Regular Expression to Scrub Text Copied From Word

Forum Moderators: coopster

Message Too Old, No Replies

Regular Expression to Scrub Text Copied From Word

bomburmusicmallet

8:45 pm on Feb 26, 2007 (gmt 0)

Hi,

I am trying to build a regular expression to scrub some incoming text to remove stuff that comes into the WYSIWIG editor from Word (even though we explicitly tell the users to copy their text into Notepad first).

We end up with stuff like this:

What I want to do is to remove the offensive mark-up, but leave the original HTML tag there. So:

would become:

<li>

I've been trying to get my head around regular expressions for a few days, but can't quite get it. I *think* that this is the expression:

^[[:space:]](class¦font¦style)=\".\"$

but if I enter any of the above examples and eregi them, it doesn't find the pattern I'm looking for.

Can anyone see what I'm doing wrong? TIA

coopster

9:05 pm on Feb 26, 2007 (gmt 0)

If you only want the element itself you could go with something like ...

$pattern = "/(<[^\s]+)[^>]*(>)/"; 
$subject = preg_replace($pattern, "$1$2", $subject);

The pattern says to match an opening marker followed by one or more characters that is not a space character followed by zero or more characters that is not a closing marker followed by the closing marker. The two sets of parentheses match the relevant pieces we want to keep and are used in the replacement.

bomburmusicmallet

9:26 pm on Feb 26, 2007 (gmt 0)

That works, but it also removes links, alignment and image stuff too.

<a href="../../includes/error.php">Enter junk text</a>

became:

<a>Enter junk text</a>

coopster

9:49 pm on Feb 26, 2007 (gmt 0)

OK, that's why I asked. Then you weren't too far off in your first attempt. The main thing you missed was to match one or more of anything that is not a double quotation mark in between the attribute values.

$pattern = '/\s+(class¦font¦style)="[^"]+"/'; 
$subject = preg_replace($pattern, '', $subject);

You can always add to it to check for single quotation marks or even missing quotation marks, but I think MS Word always drops the doubles in.

bomburmusicmallet

9:38 pm on Mar 5, 2007 (gmt 0)

I'm just getting back to this problem at work...

Unfortunately, that last pattern is not working. No text is being matched as "illegal" and removed.

I'm using this code:

$pattern = '/\s+(class¦font¦style)="[^"]+"/';
$subject = preg_replace($pattern, '', $subject);

if (eregi($pattern, $subject)) echo "illegal formatting found!";
else echo 'formatting looks good!';

echo ' NEW TEXT: <textarea name="new" cols="75" rows="4">'.$subject.'</textarea> ';

The "new text" is always the same as the original text:

<a href="RetrievePage?site=endicott&page=IntlStudyAbIntlIntern">International Internships</a> 
Assistive Technology Journal Co-founder, 1988 
<li class="MsoNormal">

coopster

10:05 pm on Mar 5, 2007 (gmt 0)

Works fine for me, except it missed the uppercase STYLE attributes.
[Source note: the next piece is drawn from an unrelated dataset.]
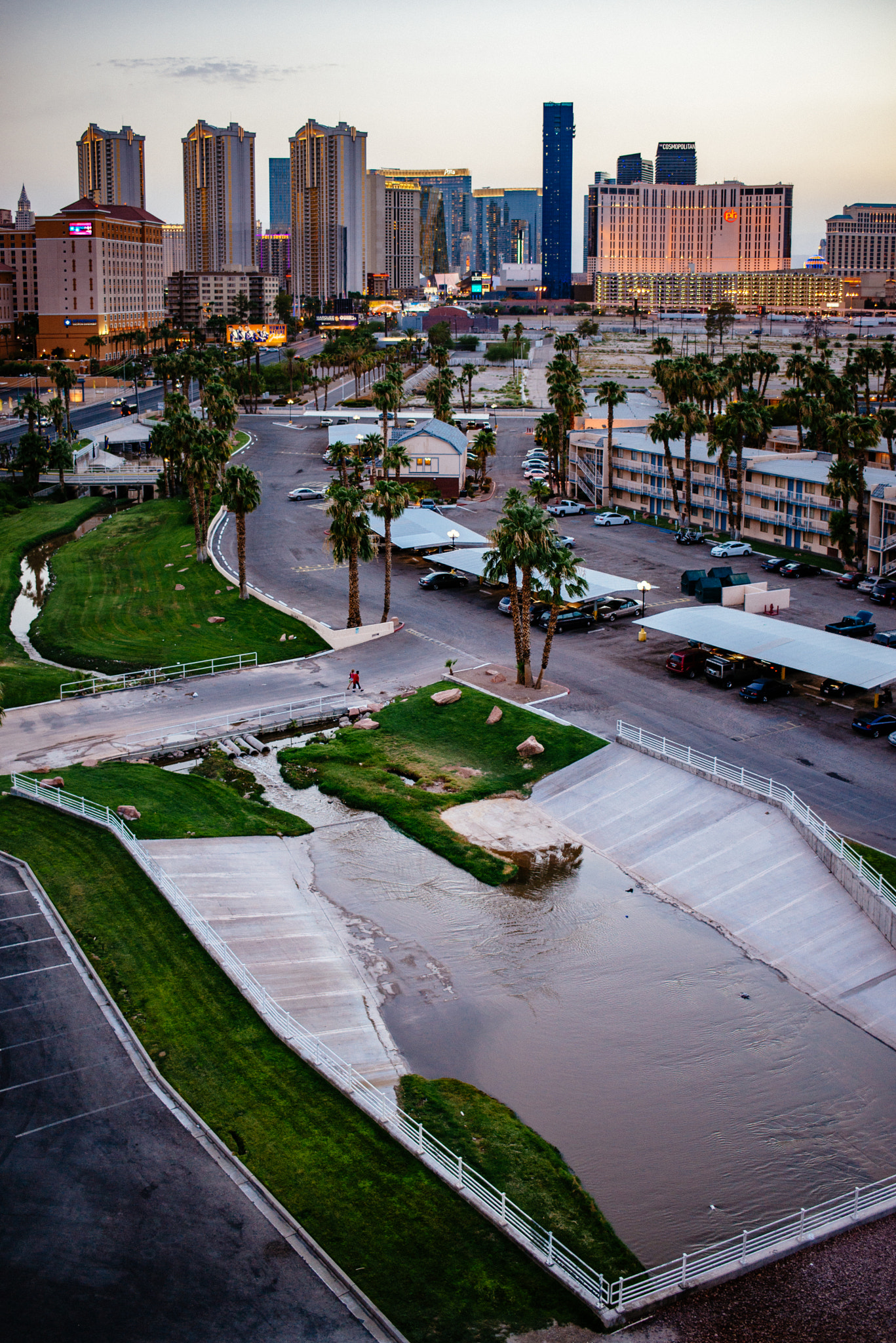 Nikon D610 + Nikon AF-S Nikkor 35mm F1.8G ED sample photo. Las vegas  photography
For two reasons, first, the pattern is case sensitive, but that is easily fixed, just add the case-insensitive modifier. Secondly, it contains single-quotation mark delimiters, like I said before you'll have to make the modifications to catch those as well if necessary.

bomburmusicmallet

3:06 pm on Mar 6, 2007 (gmt 0)

thank you! i got it to work once i made my pipes all the same.

coopster

3:31 pm on Mar 6, 2007 (gmt 0)

Ah yes, I forgot to remind you that the forum breaks the pipes and you would need to rekey them! Glad you got it sorted.

phranque

2:31 am on Mar 7, 2007 (gmt 0)

Ah yes, I forgot to remind you that the forum breaks the pipes and you would need to rekey them! Glad you got it sorted.

i wonder if it is possible to include this disclaimer at the bottom of any post or reply that has the pipe symbol filtered/converted.

coopster

5:25 am on Mar 8, 2007 (gmt 0)

That would be a great idea, except that not all posts are using code. Know what I mean?